When we stood on lines in the Assembly Ground, what most of us spent time doing then, (when it seemed Principal was giving out his usual biased side in judgement against a Student whose family name evidently didn’t have a strong money tag attached), was to weigh the dressing of Teachers.
Mrs Okpagu was classic in everything!
Or so I thought.
Well, I spent good time upping my game again, in the next “Dear Dad, …”
Surely, this time around, there should be no red Biro mark …
Come to think of it:
Was a ‘Dear Daddy, …”
supposed to be under this thing that Dad decided to now be subjecting it to?
I didn’t find it funny at all o.
He still returned the one I thought I’d upped its game so well.
Now, that to me, was a dent on what I thought my special Teachers were doing.
The whole thing broke my interest and I decided I wouldn’t tell him anything again.
When he didn’t see a “Dear Dad, …” for a long time, he decided to ask after me, in a Break time he came to see Mrs Balogun’s Colleague.
“You are not a Carpenter!
I always tell you this, but you just continue doing it.
You are NOT a Carpenter.
You are a Girl.
Stop tucking Biro inside your hair all the time. ”
Dad knew how to spoil what should have just been left alone as a good time out, seeing him.
As at that time in my life, I didn’t really understand what was his quarrel with my Biros and Pencils.
In my young mind, they were in a safe place I could grab one fast, when I needed to.
“Let’s leave my Biro alone.
The truth is that it is reaching you, that I’m not writing another “Dear Dad, …”
That’s why you have spent extra time, waiting to see if you will see me.
You’ve missed the “Dear Dad,.. ” sheets of Paper.” I thought in my heart, but didn’t mention.
Unknown to him, he had irked me.
I wasn’t going to “Dear” any Daddy for a long long time.
After all, I had gotten a big container of Chocomilo Cubes from my big Sister.
Unless any other thing was too pressing, I wasn’t going to give him the privilege of turning my Letters to stuff he could improve his tuff as a Chief Examiner, upon.
Let him keep all those things he thought about good English, to himself, his Team, his bundles of Scripts, his Work in the Information Technology Center, his Media life on TV and Radio, NOT MY LETTERS!
Then a certain day came, when I had to write a “Dear Dad, …” reporting that I had mistakenly broken some Test Tubes and that the Chemistry Lab pipo were giving me wahala.
So you mean I have to write another “Dear Dad, …” that will collect red Biro marks again?
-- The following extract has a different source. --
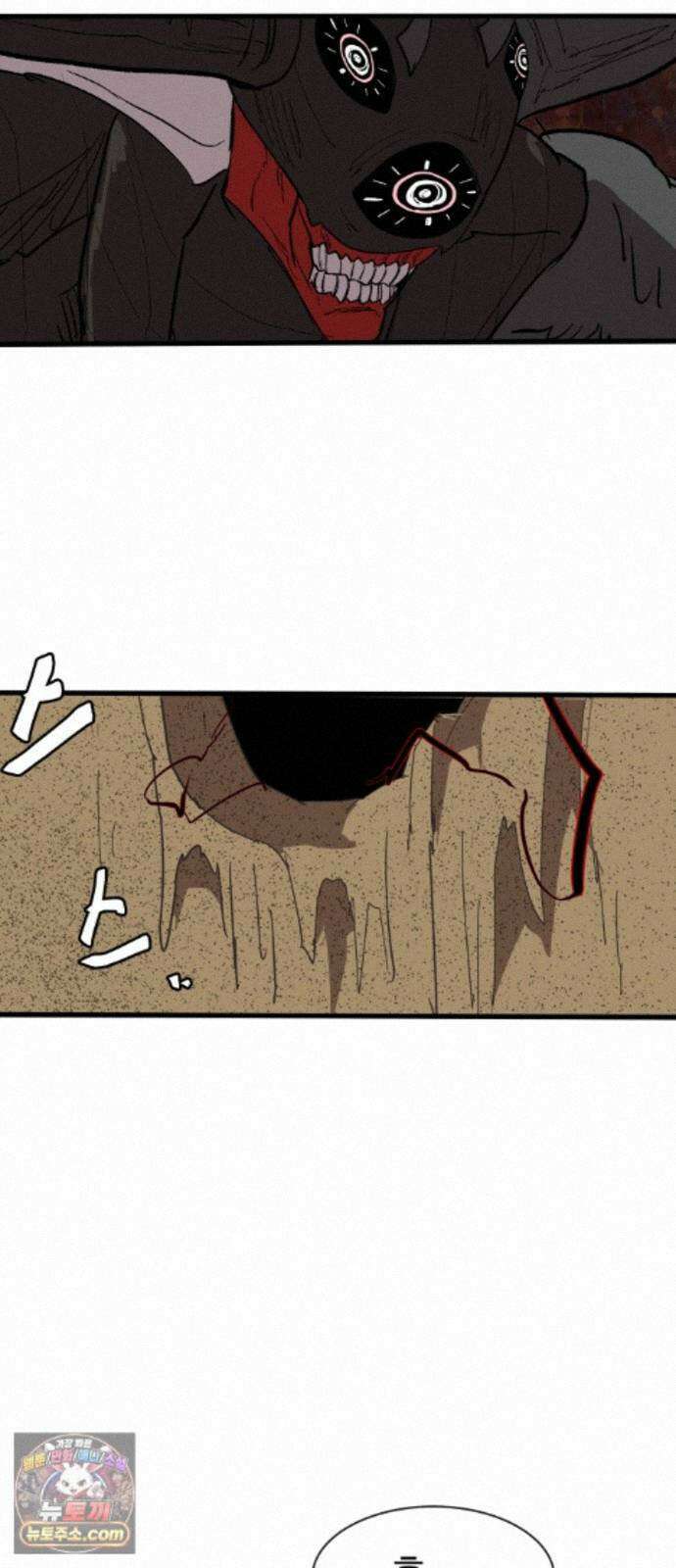 붉은 이정표 176화 넣어뒀다 72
Well, I reluctantly wrote.
But I kept it with me for days, looking at it and shining it again and again and again, as soon as something popped up in my head, to correct.
I had dressed the body of the Paragraphs well.
And clearly, I had no “ibon gbolàs” on the lines that made the Sentences.
I took time to dab the rouge of Punctuations, on the Cheeks of my Letter.
Then I folded it into an Envelope and was ready for Dad.
Guess what happened when he returned it?
He circled my letter “i”s, claiming that letter “i”s should have cute looking dots, sitting over them.
Now, who would deliver me from Dad’s impeccable red Biros?
Anyway I made up my mind that I would NOT write anything for his mean -looking red Biros again.
An… d very luckily for me he jetted out again on duty, for a lon-g time.
And Mum didn’t have correction-loving red Biros.
So, everything was okay.
It’s many years after.
But Dad does not know that each time I pen something, I have his searching eyes at the back of my mind, guiding me, even if he lives far far far away.
And I appreciate ’em searching eyes that have hewned me.